When we serve in ministry, we will find our greatest joy and most fulfillment in life.
Outreach at Emmanuel intertwines with almost everything and everyone in our parish. Emmanuel Outreach seeks to serve God and respectfully respond to the worldly needs of those Jesus referred to as “the least of these” (Matthew 25:35-46).
Many of our projects fall into the traditional understanding of the word. We collect used cell phones and recycle them through an organization that supports soldiers. We collect food and donations for neighborhood food pantries. We volunteer with homeless organizations, work with Diocesan missions and ministries, and support places such as The Samaritan Group, The Good Neighbor Fund, and Compass Hospice.
We have several fund-raisers during the year, and the primary purpose of each is to raise funds for organizations and people outside of Emmanuel’s walls. God has blessed us with funds to maintain our building, and the support of our parishioners continues to fund our operating budget. So we are in a position to use fundraising for mission; and we are grateful for the opportunity to make concrete differences in the lives of folks living in the county and beyond.
One of Emmanuel's most popular outreach programs for not only parishioners, but the community as well, is the highly anticipated annual Christmas Bazaar. Each year the proceeds from our annual Christmas Bazaar are given to local non-profit community organizations that provide services to those in need.

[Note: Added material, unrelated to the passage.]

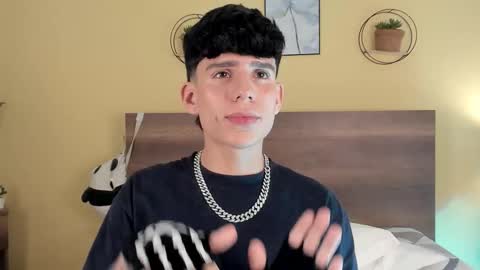 Angel online show from February 14, 2026, 11:45 pm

Commitment to Social Justice
At Emmanuel we are serious about our commitment to address social and racial injustice issues and to grow as a community dedicated to loving God and loving our neighbor. We do this through prayer, study, learning, conversation, and an ongoing commitment to doing the hard work of racial reconciliation and healing in partnership with others in the community.
In addition to supporting the local NAACP, the Social Action Committee for Racial Justice, and activities surrounding MLK Jr. Day, Black History Month, and the Feast Day of Rev. Absalom Jones, Emmanuel has partnered directly with other congregations to host lectures and prayer services for racial reconciliation and healing, to participate in and sponsor programs such as Sacred Ground, a film-based series on race and faith, and Undoing Racism, and to hold discussion groups.

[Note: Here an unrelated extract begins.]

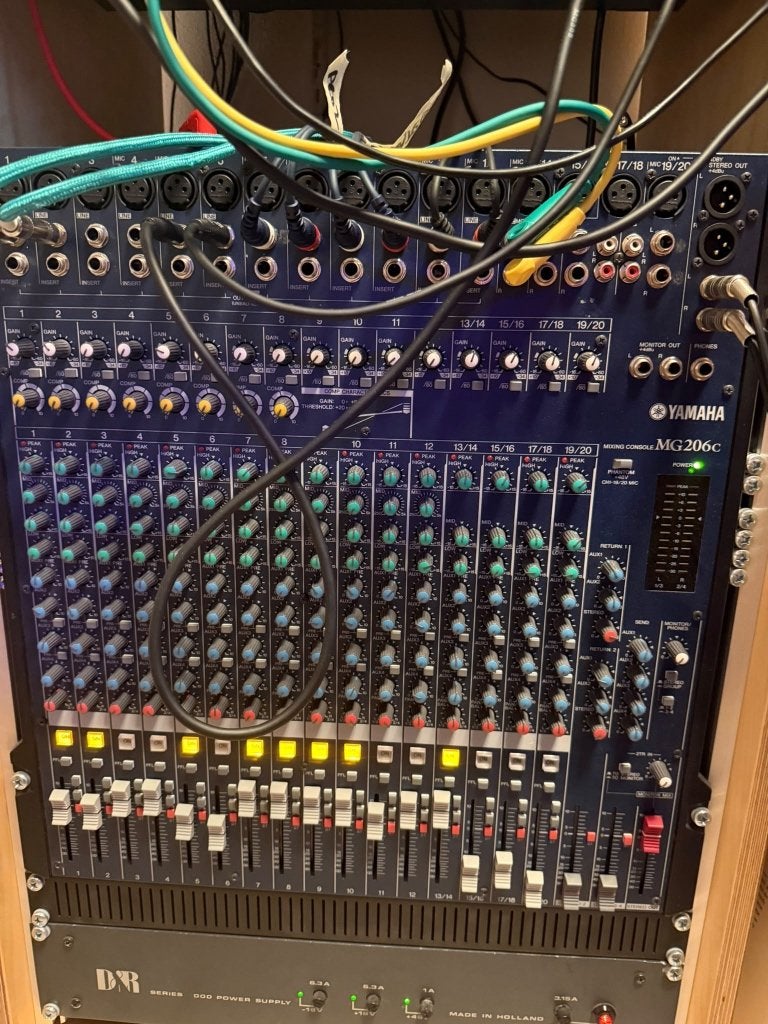 Yamaha MG206c Mengpaneel - 20 kanalen, Muziek en Instrumenten, Mengpanelen, Ophalen, Gebruikt, 20 kanalen of meer, Microfooningang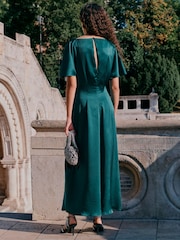 Verde esmeralda - Textured Satin Short Sleeve Midi Dress - Imagen 6 de 7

Give Change to Make Change
Even our Sunday School classes get involved in outreach to the community. Each year the youth of the parish hold a Pancake Supper on Shrove Tuesday. The proceeds from that supper are combined with the money collected during Lent in the Sunday School’s “GIVE CHANGE TO MAKE CHANGE” collection. Last year, the Sunday School packed 20 bags of food for the Community Food Pantry’s Backpack Program and presented the program directors with an additional check.

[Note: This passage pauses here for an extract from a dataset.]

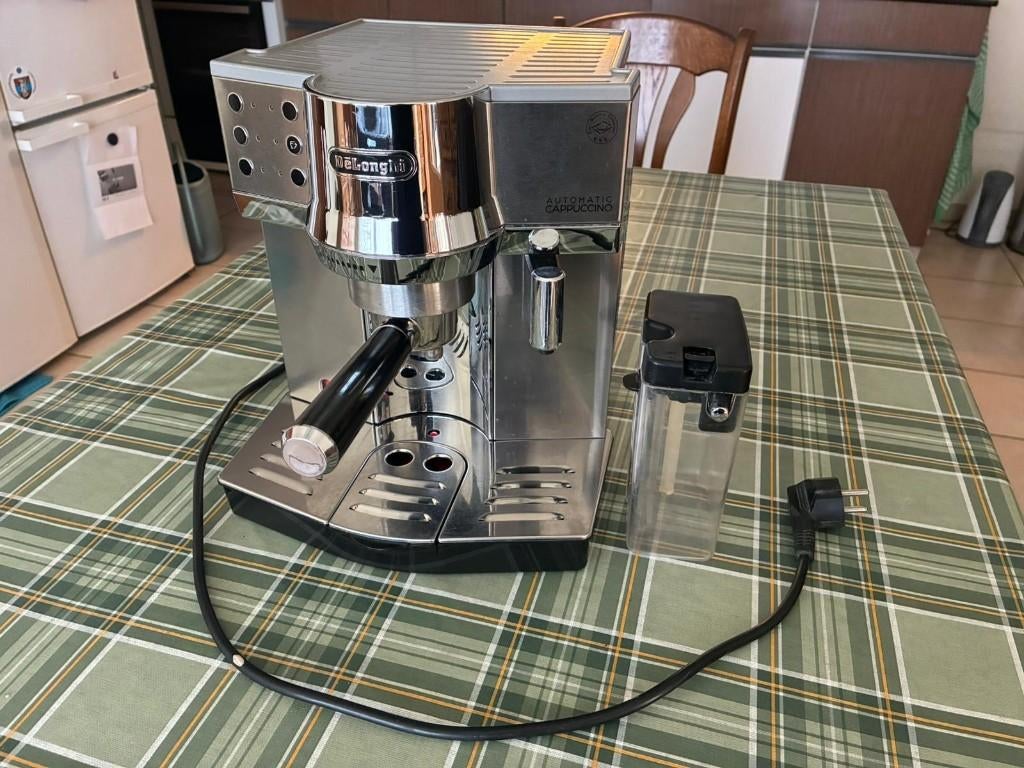 DeLonghi Automatic Cappuccino, Ophalen, Gebruikt, Combi, Afneembaar waterreservoir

Laundry Love is Emmanuel’s local participation in a “no strings” giving program to the community, based on a larger national program. On the fourth Thursday, in the late afternoon, volunteers spend two hours at a local laundromat just chatting with community members while providing quarters for washing and drying their laundry. This offering is not based on any need, except the “need” that we at Emmanuel feel to engage with the community. Sadly, the pandemic has caused a pause in this effort, but we look forward to restarting in the near future.
Emmanuel parishioners, along with friends from the wider community, volunteer their time and skills to prepare and serve lunch free-of-charge to the mentors and students of the annual National Music Festival in Chestertown, the Washington College student summer workers, and to the students of the Horizons Program.
Emmanuel reaches out to the community in other ways. Our large Parish Hall serves not only as a space where Emmanuel parishioners gather for parish events, but also as a place where community groups can meet. We have been home to weekly AA meetings and monthly meetings of the Brotherhood of St. Andrew. The Community Marching Band uses our hall for practice sessions while the Eastern Shore Wind Ensemble turns our worship space into a concert hall four times a year for their free public concerts. Each summer for two weeks the hall becomes the lunch spot for no-cost homemade lunches for the National Music Festival students and mentors, as well as for the Washington College student workers. Autumn brings the High Holy Days of the Jewish calendar and provides us with an opportunity to affectionately rename the Parish Hall "Temple Emmanuel" as we host the Chestertown Havurah for their special services, as well as other events.